Murad IV (1612-1640), yang menaklukkan Yereva tahun 1635 dan Baghdad
tahun 1639 dari kesultanan Safavid, adalah satu-satunya Sultan yang
menunjukkan kontrol militer dan politik yang kuat di dalam kesultanan.
Murad IV merupakan Sultan terakhir yang memimpin pasukannya maju ke
medan perang.
pengepungan kota wina untuk kedua kalinya
oleh Ottoman pada tahun 1683 dibawah pimpinan wazir agung Kara Mustafa
namun Ottoman lagi-lagi menghadapi kekalahan melawan pasukan gabungan
Polandia Austria dan Jerman selama pengepungan 2 bulan.

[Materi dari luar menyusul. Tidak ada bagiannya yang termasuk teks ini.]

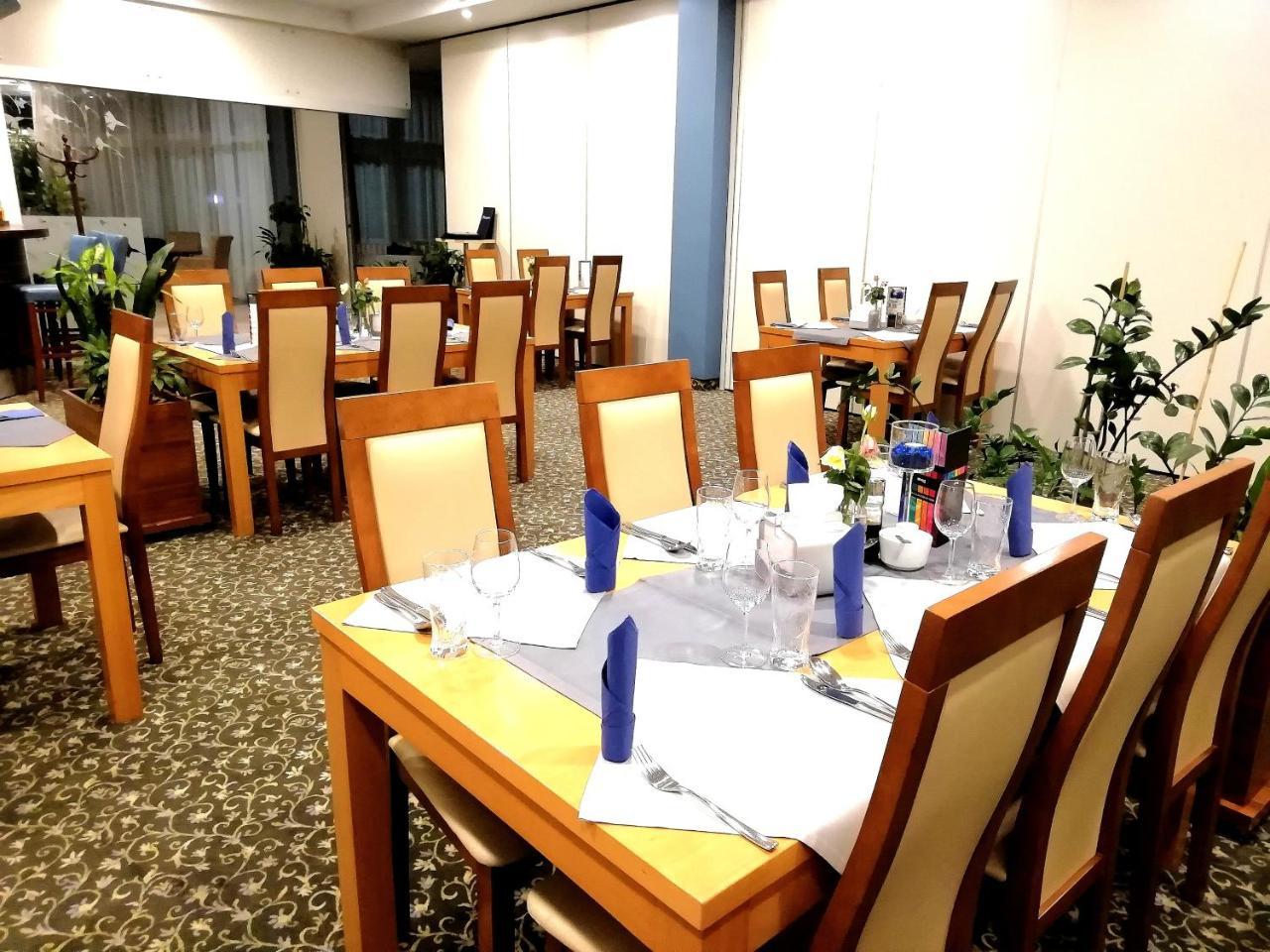 Krzywaczka Hotel Komfort מראה חיצוני תמונה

Pemberontakan Jelali (1519-1610) dan
Pemberontakan Yenisaris (1622) mengakibatkan ketidakpastian hukum dan
pemberontakan di Anatolia akhir abad ke-16 dan awal abad ke-17, dan
berhasil menggulingkan beberapa pemerintahan. Namun, abad ke-17 bukan
hanya masa stagnasi dan kemunduran, tetapi juga merupakan masa kunci di
mana kesultanan Utsmaniyah dan strukturnya mulai beradaptasi terhadap
tekanan baru dan realitas yang baru, internal maupun eksternal.

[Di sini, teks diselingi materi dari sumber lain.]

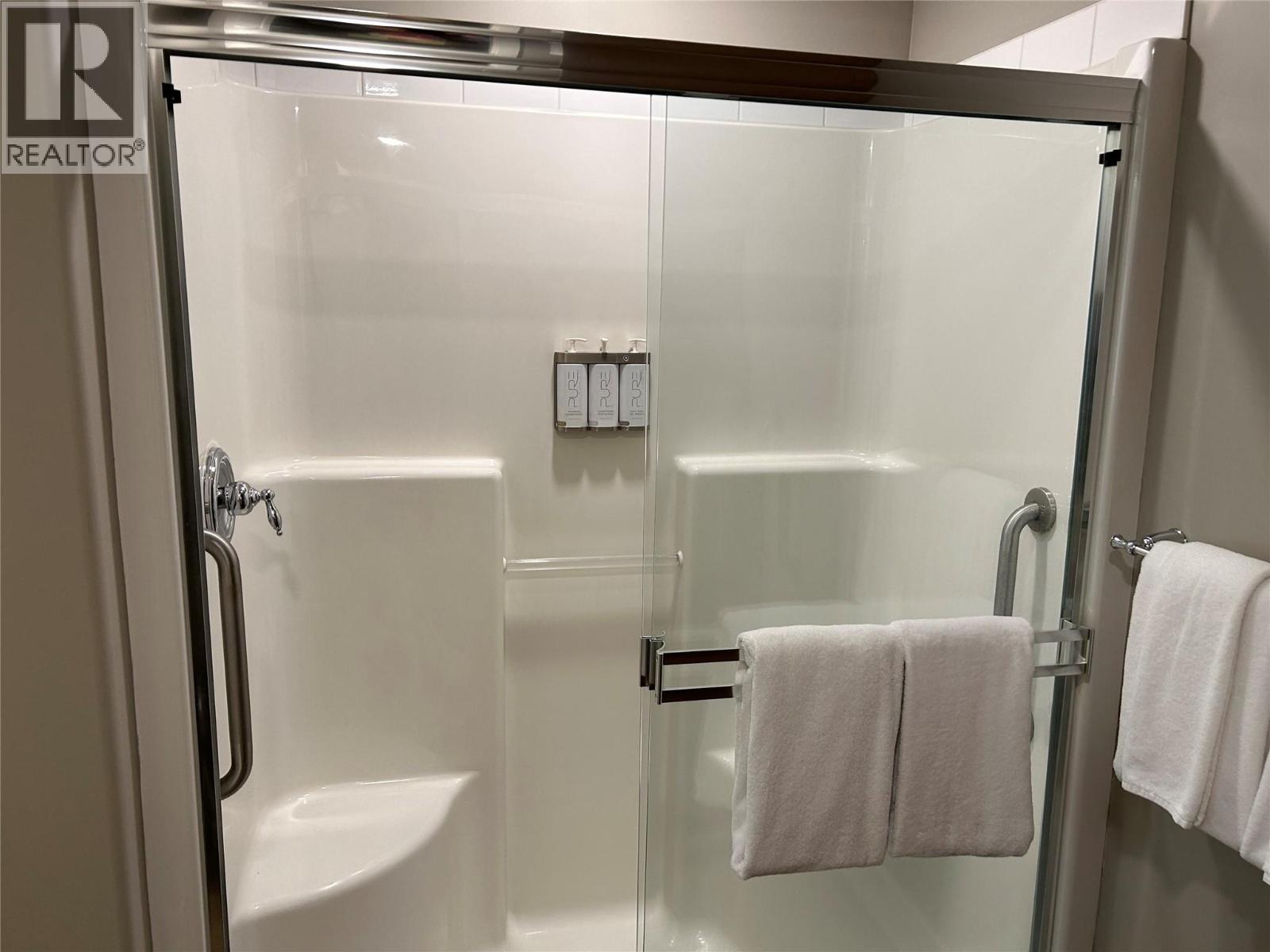 1200 Rancher Creek Road Unit# 339D, Osoyoos, BC - Indoor Photo Showing Bathroom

Kesultanan Wanita (1530-1660) adalah periode di mana pengaruh politik
dari Harem Kesultanan sangat besar, di mana ibu dari Sultan yang muda
mengambilalih kekuasaan atas nama puteranya. Hürrem Sultan yang
mengangkat dirinya sebagai pewaris Nurbanu, dideskripsikan oleh
perwakilan Wina Andrea Giritti sebagai wanita yang saleh, berani, dan
bijaksana. Masa ini berakhir sampai pada kekuasaan Sultan Kösem dan
menantunya Turhan Hatice, yang mana persaingan keduanya berakhir dengan
terbunuhnya Kösem tahun 1651. Berakhirnya periode ini digantikan oleh
Era Köprülü (1656-1703), yang mana kesultanan pada masa ini pertama kali
dikontrol oleh beberapa anggota kuat dari Harem dan kemudian oleh
beberapa Perdana Menteri (Grand Vizier).
Keadaan Politik Menjelang Keruntuhan
Politik di sini dibagi jadi dua. Pertama
politik dalam negeri, yang maksudnya ialah penerapan hukum Islam di
wilayahnya; mengatur mu’amalat, menegakkan hudud dan sanksi hukum,
menjaga akhlak, mengurus urusan rakyat sesuai hukum Islam, menjamin
pelaksanaan syi’ar dan ibadah. Semua ini dilaksanakan dengan tatacara
Islam. Arti kedua adalah politik luar negeri :
1. Politik dalam negeri
Ada 2 faktor yang membuat khilafah Turki Utsmani mundur:
Ada 2 faktor yang membuat khilafah Turki Utsmani mundur:
Pertama, buruknya pemahaman Islam dan kedua, salah menerapkan Islam. Sebetulnya, kedua hal di atas bisa diatasi saat kekholifahan dipegang orang kuat dan keimanannya tinggi, tapi kesempatan ini tak dimanfaatkan dengan baik. Suleiman II-yang dijuluki al-Qonun, karena jasanya mengadopsi UU sebagai sistem khilafah, yang saat itu merupakan khilafah terkuat-malah menyusun UU menurut mazhab tertentu, yakni mazhab Hanafi, dengan kitab Pertemuan Berbagai Lautan-nya yang ditulis Ibrohimul Halabi (1549). Padahal khilafah Islam bukan negara mazhab, jadi semua mazhab Islam memiliki tempat dalam 1 negara dan bukan hanya 1 mazhab. Dengan tak dimanfaatkannya kesempatan emas ini untuk perbaikan, 2 hal tadi tak diperbaiki. Contoh: dengan diambilnya UU oleh Suleiman II, seharusnya penyimpangan dalam pengangkatan kholifah bisa dihindari, tapi ini tak tersentuh UU. Dampaknya, setelah berakhirnya kekuasaan Suleimanul Qonun, yang jadi khalifah malah orang lemah, seperti Sultan Mustafa I (1617),
Osman II (1617-1621), Murad IV (1622-1640), Ibrohim bin Ahmed
(1639-1648), Mehmed IV (1648-1687), Suleiman II (1687-1690), Ahmed II
(1690-1694), Mustafa II (1694-1703), Ahmed III (1703-1730), Mahmud I
(1730-1754), Osman III (1754-1787), Mustafa III (1757-1773), dan Abdul
Hamid I (1773-1788). Inilah yang membuat militer, Yennisari-yang
dibentuk Sultan Ourkhan-saat itu memberontak (1525, 1632, 1727, dan
1826), sehingga mereka dibubarkan (1785). Selain itu, majemuknya rakyat
dari segi agama, etnik dan mazhab perlu penguasa berintelektual kuat.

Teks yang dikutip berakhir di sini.